Shannon Minter, legal director for the National Center for Lesbian Rights, said Tuesday the state’s brief offers no justification for harming sex-sex couples and their families. The organization is teaming with a pair of Salt Lake City attorneys to handle the case.

“It’s disappointing that the Utah officials’ brief shows no understanding of the common human needs that gay and lesbian people share with all others and how marriage strengthens all families, including families of same-sex couples and their children,” Minter told The Associated Press.

Minter added that Utah’s argument is at odds with the U.S. Supreme Court’s ruling last summer that struck down part of the Defense of Marriage Act. In that decision, the justices wrote that limiting marriages to a man and a woman relegates gay marriages to second-class status, and “humiliates tens of thousands of children now being raised by same-sex couples.”

More than 1,000 gay couples married in Utah before the Supreme Court granted the stay last month. Utah Gov. Gary Herbert has instructed state agencies to stop granting benefits to the couples, save for allowing them to jointly file taxes.

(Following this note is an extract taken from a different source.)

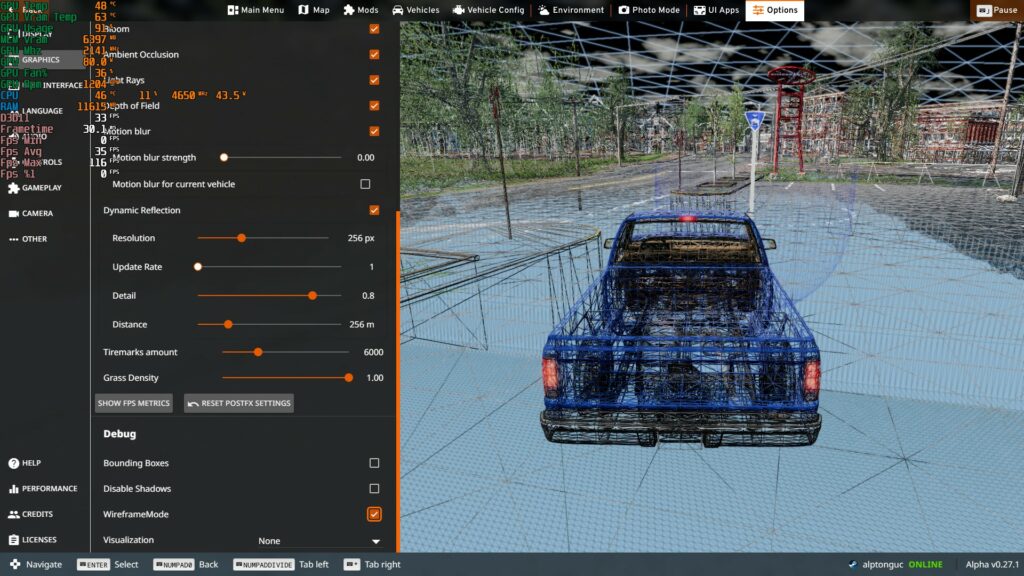 Factors affecting GPU performance in BeamNG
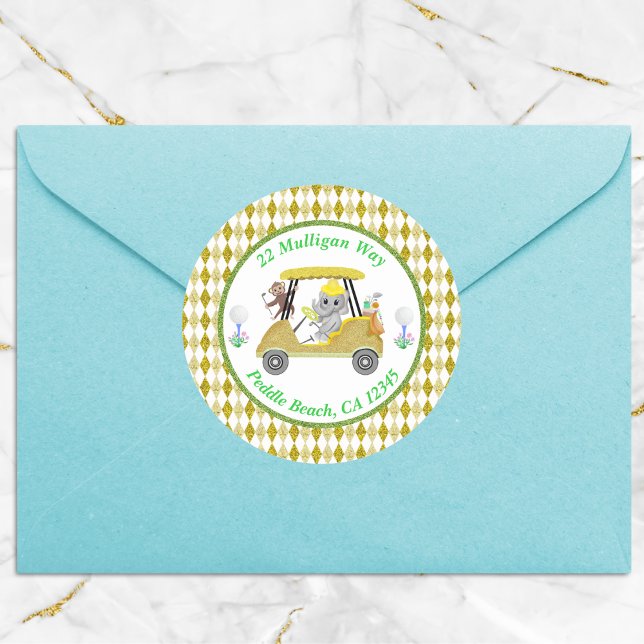 Sticker Rond Parties scintillant Elephant & Monkey Golf Baby sh (Créateur téléchargé)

U.S. Attorney General Eric Holder, meanwhile, said the federal government will recognize the marriages and grant corresponding benefits.

Utah state attorneys believe the appeals court ultimately will decide the validity of the marriages, but gay rights attorneys think the marriages should remain valid no matter what the court decides.

Utah’s gay marriage ban was passed by 66 percent of voters in 2004. In the brief, the state says U.S. District Judge Robert J. Shelby did not give “proper deference to the choice of Utah’s citizens” when he struck down the ban in a surprise Dec. 20 ruling.

State attorneys argue it is within Utah’s right to define marriage as it chooses. They also contend that Shelby erred in concluding the 14th Amendment requires states to issue marriage licenses to gay and lesbian couples.

But the core of the state’s 120-page argument focuses on the belief that gays and lesbians simply aren’t suitable parents.

“Maintaining the man-woman definition helps prevent further erosion of the traditional concept of marriage as being principally a child-centered institution,” state attorneys wrote, “one focused first and foremost on the welfare of children rather than the emotional interests of adults.”